Grandparents You Too Can Enjoy Home Education

As grandparents, you naturally want the best for your grandchildren. You want them to be happy, well educated and to have every chance at a good life.

You have no doubt worked long and hard to provide a good education for your own children and are therefore puzzled and afraid when you hear that your grandchildren will not be going to school. You are immediately afraid that they will be left behind, lack future opportunities and turn into misfits.

You may not know much about homeschooling or if you do, like most of the population you connect it with alternative living and maybe weird, isolated cults. Homeschooling has been around a long time, since the 1970s and has been gaining in popularity ever since. There has been a huge surge of interest in it in the past five years. This is mainly due to the many well-researched reports from top academic institutions world-wide that have found it to be a highly successful form of education – in fact, they can find no fault with it either academically or socially. It has literally gone from the extreme to the mainstream as far as educational methods go. This, coupled with the very serious issue of bullying in schools, has attracted many parents to the safe learning environment it affords their children.

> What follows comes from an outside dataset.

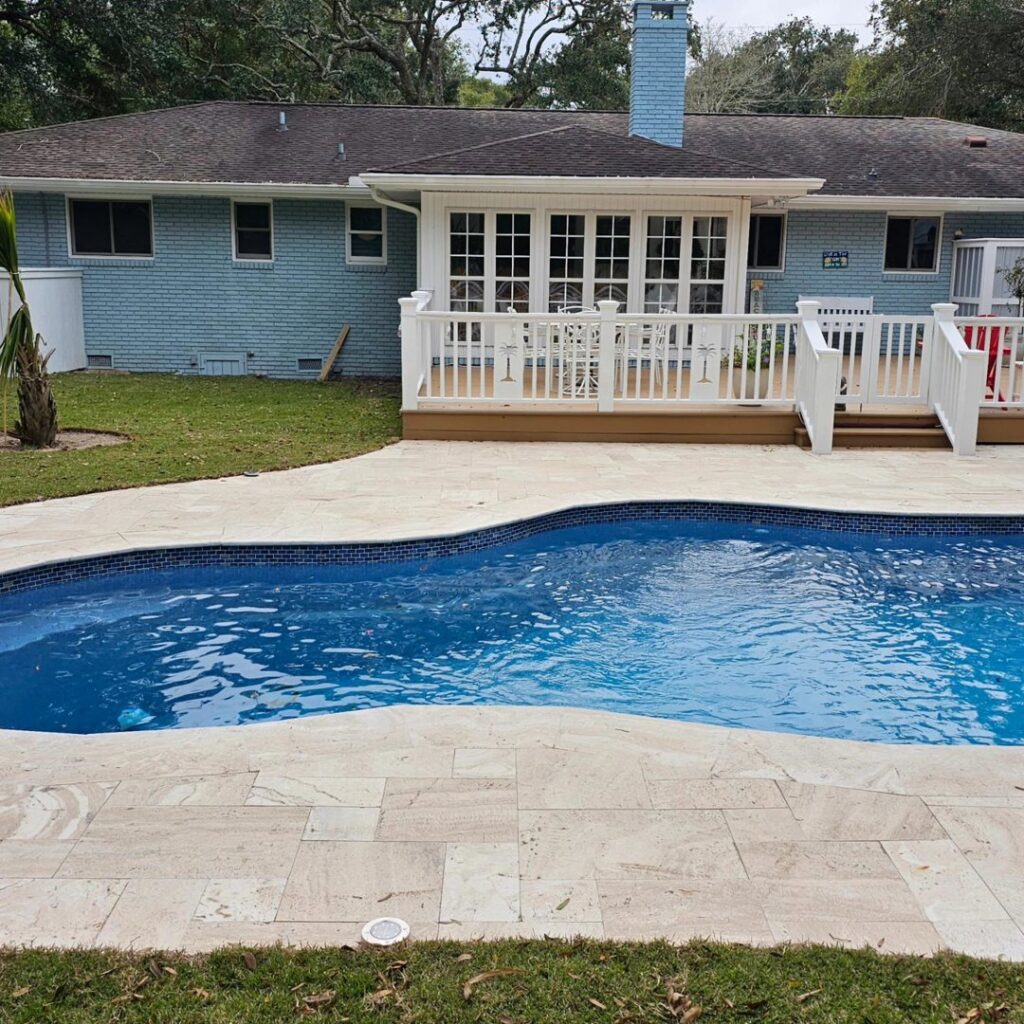 A curved swimming pool with a bright blue interior and light-colored paver decking, a project by Salty Reef Pools LLC in Summerville, SC.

Your concerns as grandparents are naturally well founded. You were brought up in an entirely different era, with an entirely different focus on education. Not that education is not important these days – it certainly is – but in the past education was held up as the way out of the depression years and the pre and post war years. This country needed white collar workers, and families that had struggled for many years just to survive wanted more for their children. Governments encouraged young people into tertiary studies by abolishing university fees – the country needed to grow and families were swept up in the priorities of the era, working even harder to ensure that their children made it through secondary school and into university for a chance at a good career and ultimately a well-paid job ensuring a comfortable life.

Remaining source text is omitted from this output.